By default system files have the "_" SMACK label meaning everyone has read and execute access to them. The Legato startup scripts are responsible for setting SMACK labels for system files that require special permission handling (e.g., /dev/null file is given the label "*" by the start up scripts so the file is fully accessible to everyone. The Legato startup scripts also ensure the Legato Supervisor and Installer have the 'admin' SMACK label.

The Legato Installer sets SMACK labels for all app bundled files. The SMACK label for each app is unique to the app.

The Supervisor sets SMACK labels for framework daemons, processes for apps, sandbox directories and SMACK rules for IPC bindings.

Framework daemons are given the SMACK label "framework".

All processes are given the same SMACK label as their app. All app labels are unique.

SMACK rules are set so IPC bindings between apps work. Here's a code sample of rules to set if a client app needs to access a server app:

'clientAppLabel' rw 'serverAppLabel' // client has read-write access to server.
'serverAppLabel' rw 'clientAppLabel' // server has read-write access to client.

Sandboxed directories are given labels corresponding to the app's access rights to those directory. Generally, an app only has read and execute permission to its sandboxes /bin directory. Its properties look like this:

owner = root group = root DAC permissions = -----r-x SMACK label = 'AppLabelrx'

The Supervisor also sets up the SMACK rule so the app has the proper access to the directory:

'AppLabel' rx 'AppLabelrx'

App's directories are given different labels than the app itself so that if an IPC binding is present, the remote app has access to the local app but doesn't have direct access to the local app's files.

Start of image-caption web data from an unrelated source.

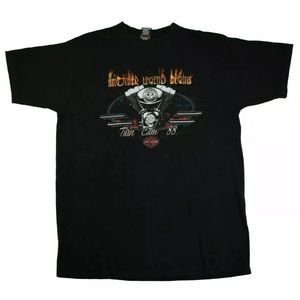 Black Harley Davidson Graphic T Shirt Made In USA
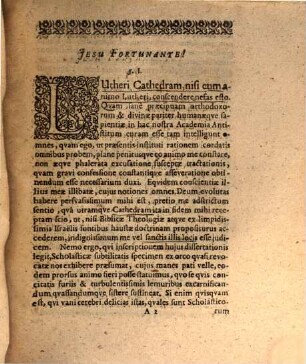 Qvaestionem theologicam, utrum Christus fuerit in lumbis Adami peccantis?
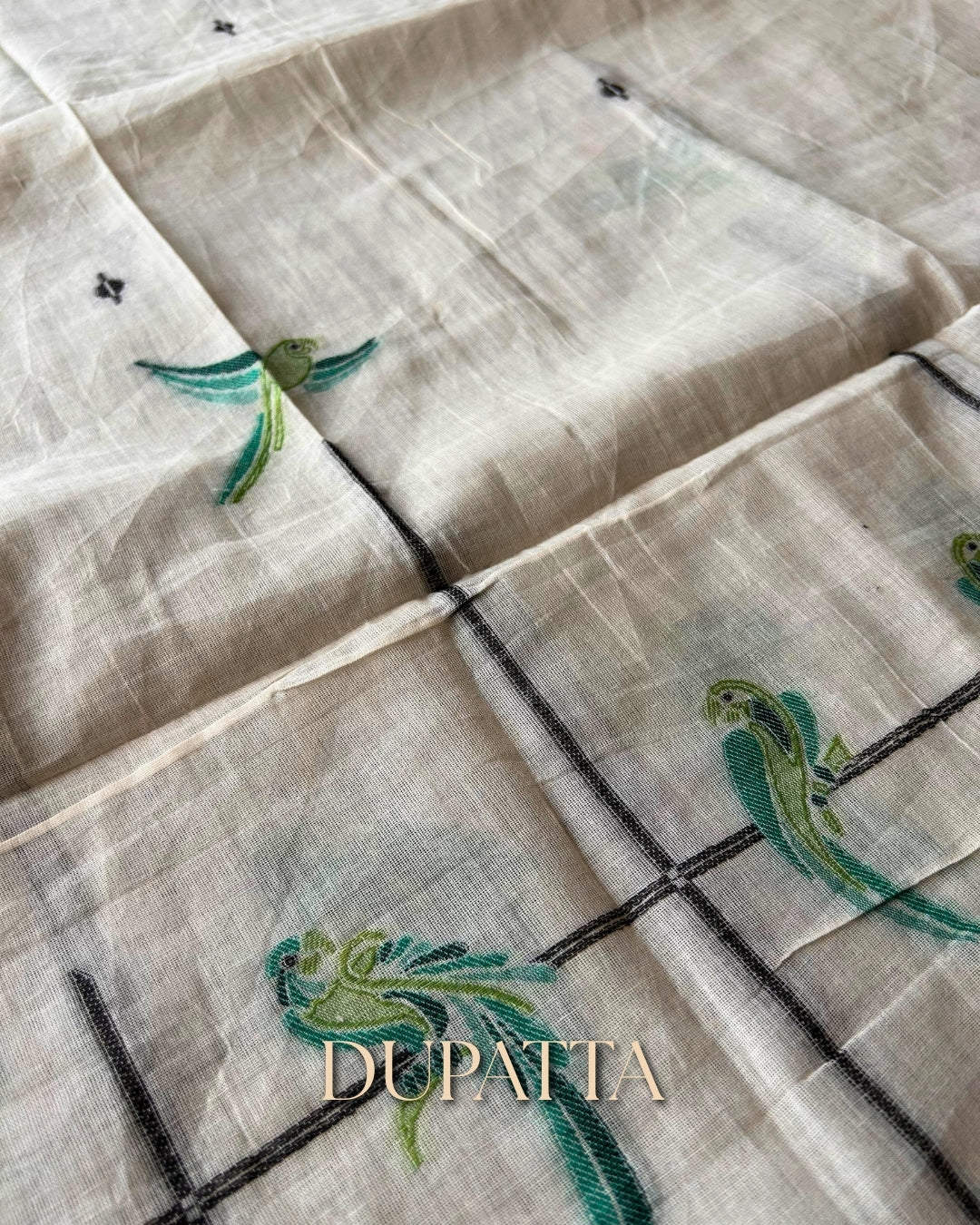 IVORY WHITE CHANDERI SALWAR SUIT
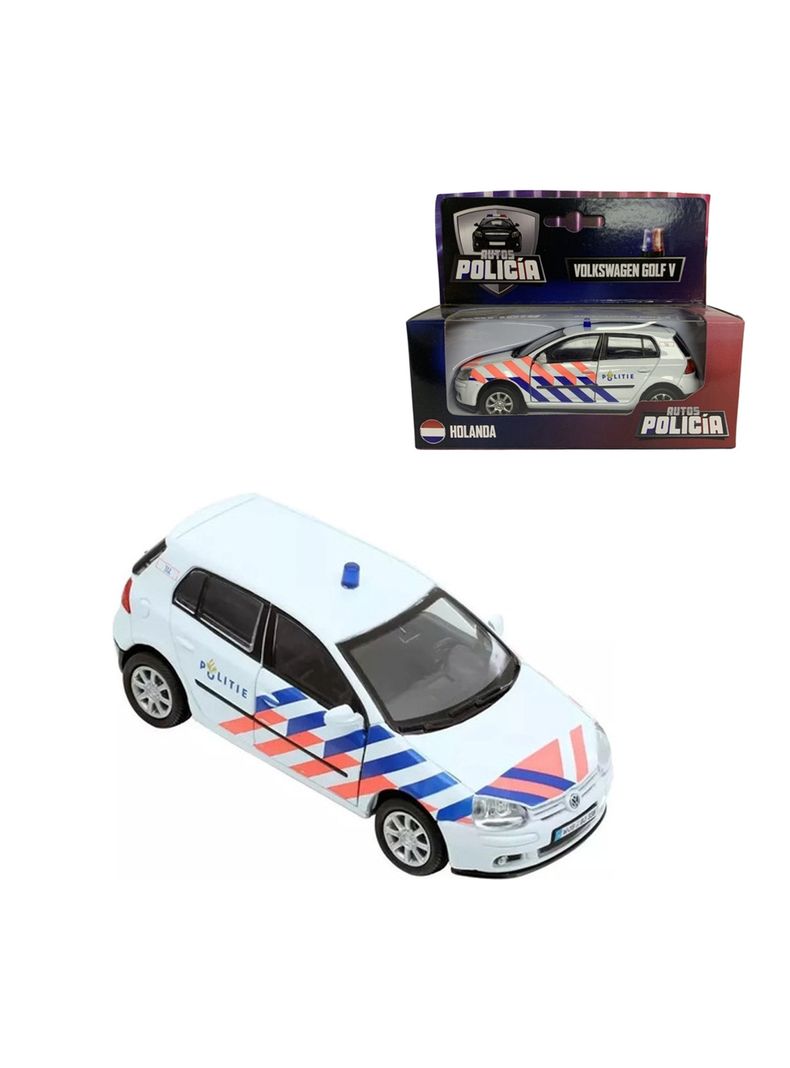 Vehículo de Colección Volkswagen Golf V Policía de Holanda Escala 1:38 de Welly-0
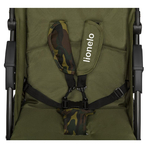 Lionelo - Carucior sport Emma Plus, Cu tavita, 2 Suporturi pentru pahar, Geanta accesorii, Forest Green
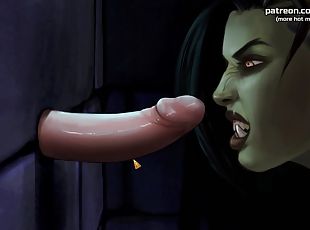 What a Legend! - Glory Hole Busty Horny Monster Girl Orc Teen Sucks Stranger&#039;s Big Cock And Swallows Cum In Prison - #12
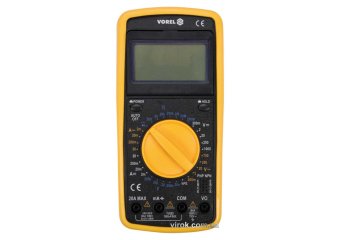 Мультиметр для вимірювання електричних параметрів VOREL : цифровий з LCD-дисплеєм [40]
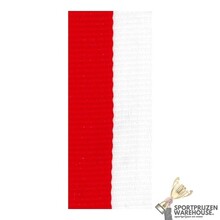 Smal Halslint Rood/Wit - V8.RO/WI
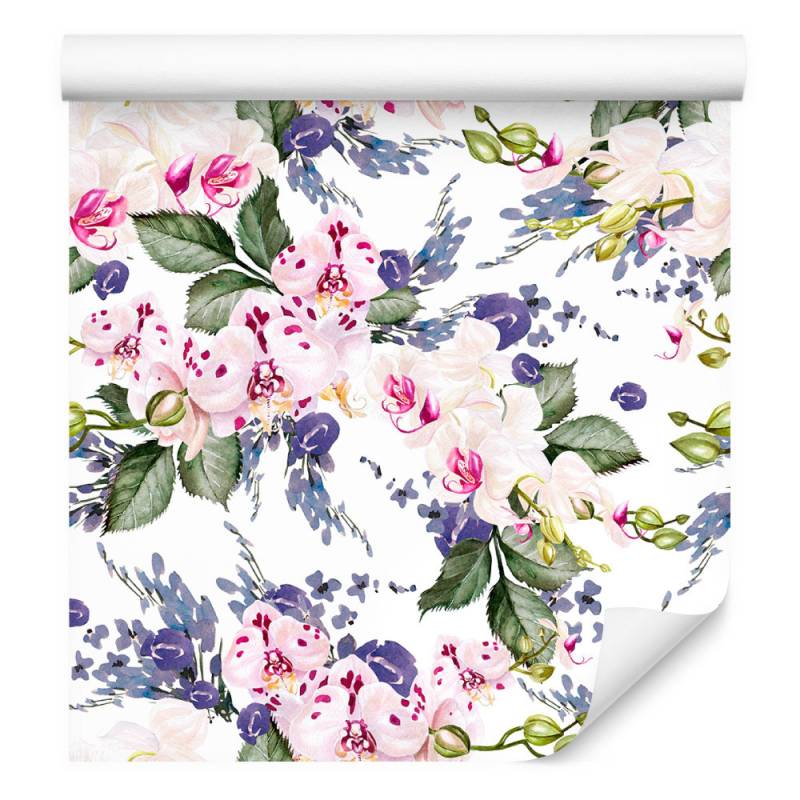 Tapeta Do Salonu Zieleń Kwiaty Storczyki Orchidea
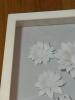 White Flower Shadowbox Framed Paper Art 16" x 16" - 3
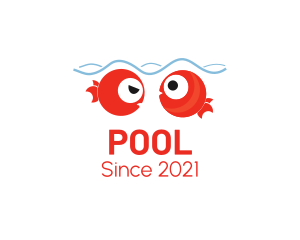 Cute Red Fishes logo design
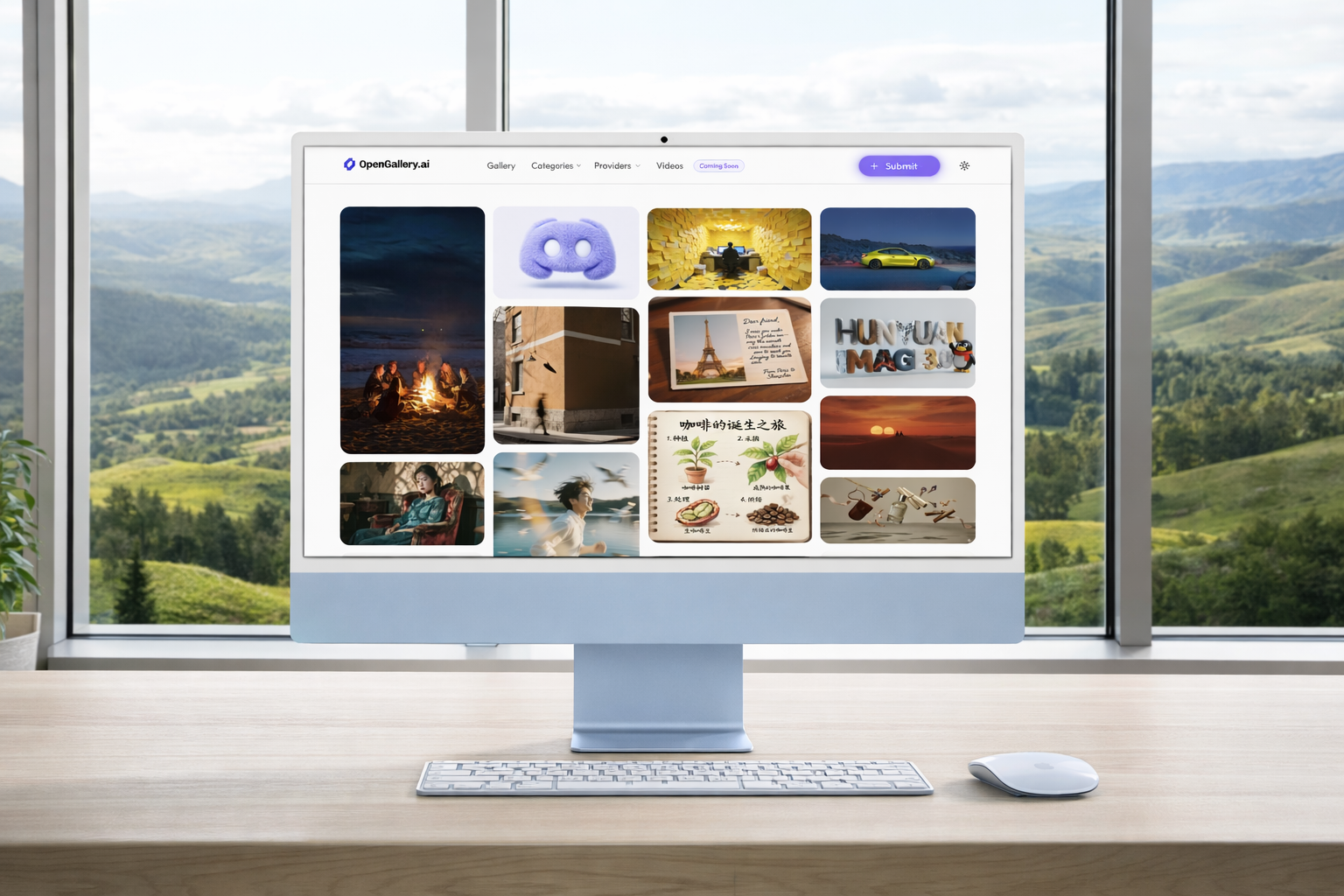 Place the website in the first photo onto the scre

All bundled files within an app's sandbox are given the app's SMACK label. This supports passing file descriptors from one app to another. However, the file descriptor can't be passed onto a third app.

Limitations

Extended attributes used to store the SMACK label are available on all file systems we currently use with one key feature is missing: when a new file is created, the file should inherit the SMACK label of the creator. Because this feature is missing, our current implementation of SMACK has the following limitations:

  • Mqueue file system will always set new files to "_" label. This means we can't control access between apps that use MQueues.
  • Tmpfs always sets new files to "*" label. This means we can't totally control access to files created in sandboxes because sandboxes use tmpfs. It's only an issue when file descriptors for the created files are passed over IPC to another app. The other app can then pass that fd onto a third app and so on.
  • QMI sockets are currently set to "*" because some apps need to write to them. Ideally, the QMI socket file would be given a label such as "qmi" and a rule would be created to only allow access to the app that requires it. However, there currently isn't a way to specify this in the xdef file.